What you need to do: Produce a word-for-word copy of the line that contains "carpeted bedroom featuring baseboards" and each line after it through the end of the material, omitting pictures and all other lines.

Provided material:

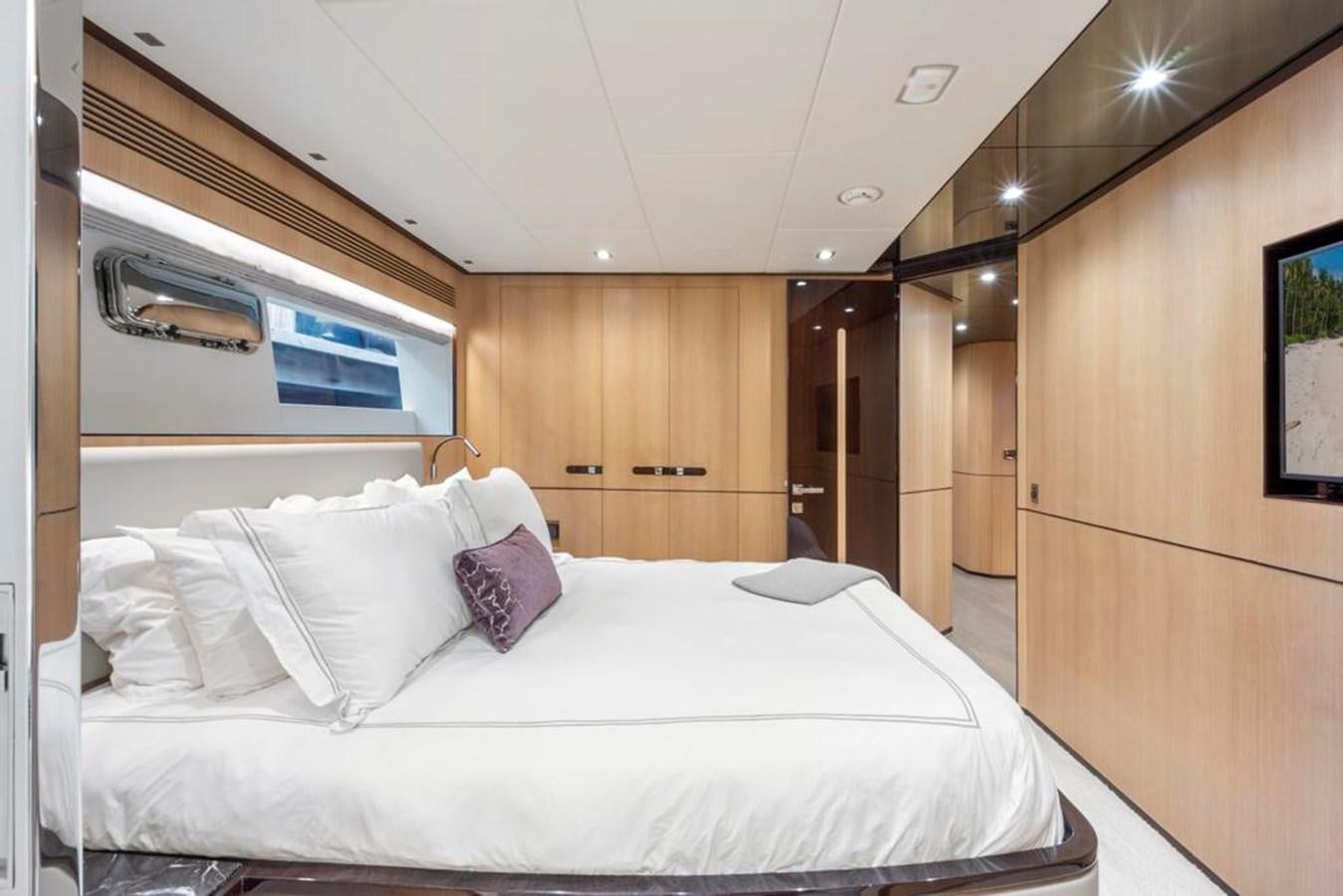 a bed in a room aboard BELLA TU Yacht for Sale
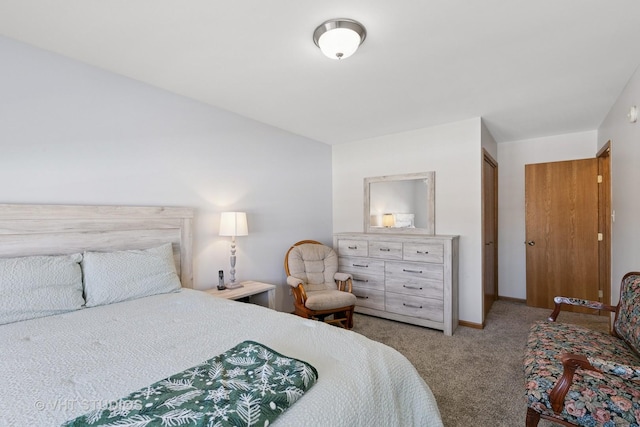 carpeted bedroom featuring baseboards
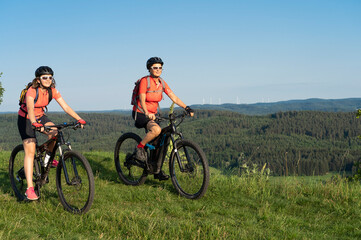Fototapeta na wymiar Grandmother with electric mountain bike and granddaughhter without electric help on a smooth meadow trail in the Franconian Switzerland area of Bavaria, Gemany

Written response:
 carpeted bedroom featuring baseboards
Fototapeta na wymiar Grandmother with electric mountain bike and granddaughhter without electric help on a smooth meadow trail in the Franconian Switzerland area of Bavaria, Gemany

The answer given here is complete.